Arrendersi non era un’opzione contemplabile.

***

Lentamente i minorenni sfollavano, seguendo Gazza e i Prefetti. Ma lui non voleva: poco importava che non avesse l’età per combattere. Sarebbe rimasto.

La McGranitt piombò addosso a lui, minacciosa. “Assolutamente no, Canon, vai!” tuonò. Poi si rivolse a un altro Grifondoro. “Anche tu, Peakes!”

Colin Canon strinse i denti, deluso. Afferrò il braccio di suo fratello Dennis e lo spinse avanti. “Meglio andare in ordine di età” gli disse. Era preoccupato: il suo fratellino doveva tornare a casa sano e salvo, era davvero troppo giovane. A Colin mancavano pochi mesi per diventare maggiorenne, ma Dennis era solo al quarto anno.

Man mano che seguiva la folla, Colin si accorse che si stavano dirigendo verso la Stanza delle Necessità. C’era stato così tante volte quando era ancora in piedi l’Esercito di Silente!
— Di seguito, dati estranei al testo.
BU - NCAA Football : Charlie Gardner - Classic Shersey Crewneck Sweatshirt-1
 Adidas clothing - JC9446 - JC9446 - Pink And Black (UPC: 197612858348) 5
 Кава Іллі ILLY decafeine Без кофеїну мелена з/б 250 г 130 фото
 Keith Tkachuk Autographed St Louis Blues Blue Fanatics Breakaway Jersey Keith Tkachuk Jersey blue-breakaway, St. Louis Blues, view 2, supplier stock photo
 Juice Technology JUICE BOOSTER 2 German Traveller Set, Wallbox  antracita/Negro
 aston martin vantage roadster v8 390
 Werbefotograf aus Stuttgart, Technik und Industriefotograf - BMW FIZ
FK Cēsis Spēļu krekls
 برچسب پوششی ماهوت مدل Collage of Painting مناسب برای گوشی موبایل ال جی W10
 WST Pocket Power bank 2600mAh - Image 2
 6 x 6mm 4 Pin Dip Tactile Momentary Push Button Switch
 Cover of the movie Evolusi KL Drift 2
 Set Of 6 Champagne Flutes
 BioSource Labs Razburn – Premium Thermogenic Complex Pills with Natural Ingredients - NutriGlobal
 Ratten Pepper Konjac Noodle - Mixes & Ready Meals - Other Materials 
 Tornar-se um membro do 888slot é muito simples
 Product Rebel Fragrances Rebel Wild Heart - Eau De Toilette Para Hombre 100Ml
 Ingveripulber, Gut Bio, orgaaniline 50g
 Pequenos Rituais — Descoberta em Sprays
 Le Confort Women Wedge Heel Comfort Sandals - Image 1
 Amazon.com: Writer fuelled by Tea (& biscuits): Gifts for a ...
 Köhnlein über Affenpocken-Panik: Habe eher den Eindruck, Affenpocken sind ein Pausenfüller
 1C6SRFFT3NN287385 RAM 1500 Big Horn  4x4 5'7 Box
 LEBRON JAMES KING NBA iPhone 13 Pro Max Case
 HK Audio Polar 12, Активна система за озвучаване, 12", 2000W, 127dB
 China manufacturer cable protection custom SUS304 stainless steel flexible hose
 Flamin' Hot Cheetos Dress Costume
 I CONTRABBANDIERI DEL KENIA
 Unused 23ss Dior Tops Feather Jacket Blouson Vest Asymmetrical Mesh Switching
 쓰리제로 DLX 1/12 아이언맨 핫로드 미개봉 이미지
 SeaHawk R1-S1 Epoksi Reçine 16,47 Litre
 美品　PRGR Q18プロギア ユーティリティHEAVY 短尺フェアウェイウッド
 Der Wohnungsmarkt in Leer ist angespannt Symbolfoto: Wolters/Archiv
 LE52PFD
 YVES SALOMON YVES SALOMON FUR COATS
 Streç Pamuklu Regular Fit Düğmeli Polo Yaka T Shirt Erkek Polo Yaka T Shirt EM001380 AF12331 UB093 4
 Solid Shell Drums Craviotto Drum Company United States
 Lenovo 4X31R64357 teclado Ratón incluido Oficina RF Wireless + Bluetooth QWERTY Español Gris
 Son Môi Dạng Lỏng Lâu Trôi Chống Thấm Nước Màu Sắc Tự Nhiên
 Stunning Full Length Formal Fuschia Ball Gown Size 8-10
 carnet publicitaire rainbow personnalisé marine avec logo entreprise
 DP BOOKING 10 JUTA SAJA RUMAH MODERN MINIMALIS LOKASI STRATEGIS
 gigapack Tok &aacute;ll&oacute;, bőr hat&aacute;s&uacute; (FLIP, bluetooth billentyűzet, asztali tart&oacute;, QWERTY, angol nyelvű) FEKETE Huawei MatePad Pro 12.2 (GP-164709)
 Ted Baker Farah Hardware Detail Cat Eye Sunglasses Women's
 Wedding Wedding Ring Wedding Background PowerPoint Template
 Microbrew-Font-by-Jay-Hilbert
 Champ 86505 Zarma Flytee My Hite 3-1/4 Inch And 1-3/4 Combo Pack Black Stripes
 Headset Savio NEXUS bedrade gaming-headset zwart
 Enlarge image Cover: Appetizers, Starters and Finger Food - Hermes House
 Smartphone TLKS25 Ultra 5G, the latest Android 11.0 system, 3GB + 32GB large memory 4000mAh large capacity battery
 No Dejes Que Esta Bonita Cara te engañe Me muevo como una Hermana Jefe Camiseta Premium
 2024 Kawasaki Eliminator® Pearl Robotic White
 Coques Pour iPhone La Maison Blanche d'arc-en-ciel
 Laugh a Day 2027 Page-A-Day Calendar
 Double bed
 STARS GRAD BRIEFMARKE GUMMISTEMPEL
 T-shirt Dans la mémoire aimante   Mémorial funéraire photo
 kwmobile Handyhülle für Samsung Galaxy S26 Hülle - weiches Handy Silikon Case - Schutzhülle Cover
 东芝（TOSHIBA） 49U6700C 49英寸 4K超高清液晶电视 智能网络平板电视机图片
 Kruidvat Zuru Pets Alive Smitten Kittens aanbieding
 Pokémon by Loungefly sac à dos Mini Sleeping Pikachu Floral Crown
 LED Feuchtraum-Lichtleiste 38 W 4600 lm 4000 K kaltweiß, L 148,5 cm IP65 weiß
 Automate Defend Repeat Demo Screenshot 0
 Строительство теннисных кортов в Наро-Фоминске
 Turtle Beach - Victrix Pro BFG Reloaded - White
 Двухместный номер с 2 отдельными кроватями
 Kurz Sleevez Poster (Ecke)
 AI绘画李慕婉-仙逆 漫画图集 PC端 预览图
Si era sentito importante, in quel periodo. Fiero. Aveva percepito di essere parte di un enorme ingranaggio che prima o poi avrebbe portato a quel giorno: la battaglia di Hogwarts, la resa dei conti. Era un Grifondoro, e non voleva rimanere indietro.

Che senso aveva nascondersi dietro persone più grandi, solo per salvarsi la pelle? Un solo elemento poteva fare la differenza tra la vittoria e la sconfitta. La storia di Harry Potter ne era la testimonianza più lampante: aveva solo un anno, eppure era riuscito a sconfiggere Voldemort, almeno una volta.

Colin Canon sapeva di avere molto da perdere in quella guerra. Lui era un Nato Babbano e come tale sarebbe stato tra i primi a essere eliminati: ancora non comprendeva come sia lui che suo fratello fossero stati ammessi anche per quell’anno a Hogwarts. Probabilmente era soltanto per tenerli d’occhio.

Ma solo lui sapeva con quale angoscia aveva temuto per la salute dei suoi genitori, a casa. Entrambi Babbani, entrambi indifesi. Dennis, più giovane, era meno consapevole; ma Colin aveva vissuto per tutto l’anno scolastico preda di un’ansia che scavava in fondo al cuore, strappava, lacerava con violenza la sua innata capacità di essere allegro in qualsiasi situazione.

Colin era cambiato molto, quell’anno. Non dispensava più sorrisi come un tempo, lo scattare della sua macchina fotografica non era più l’immancabile e costante sottofondo di ogni evento quotidiano. Era diventato una rara eco che sottolineava momenti che avevano importanza solo per lui. Ed erano ormai pochissimi.

Come poteva trovare importanza in qualcosa, quando la scuola era stata colonizzata dai Mangiamorte? I Carrow certo non contribuivano a distendere il suo umore: aveva dimenticato quante volte era stato sbeffeggiato e punito per il semplice fatto che era un Nato Babbano, e così suo fratello, benché avesse provato più volte a proteggerlo. Ma era arrivato il momento di ribellarsi, di fare qualcosa.

Si strinse la macchina fotografica al petto, mentre seguiva il gruppo dei minorenni che correvano verso la Stanza delle Necessità.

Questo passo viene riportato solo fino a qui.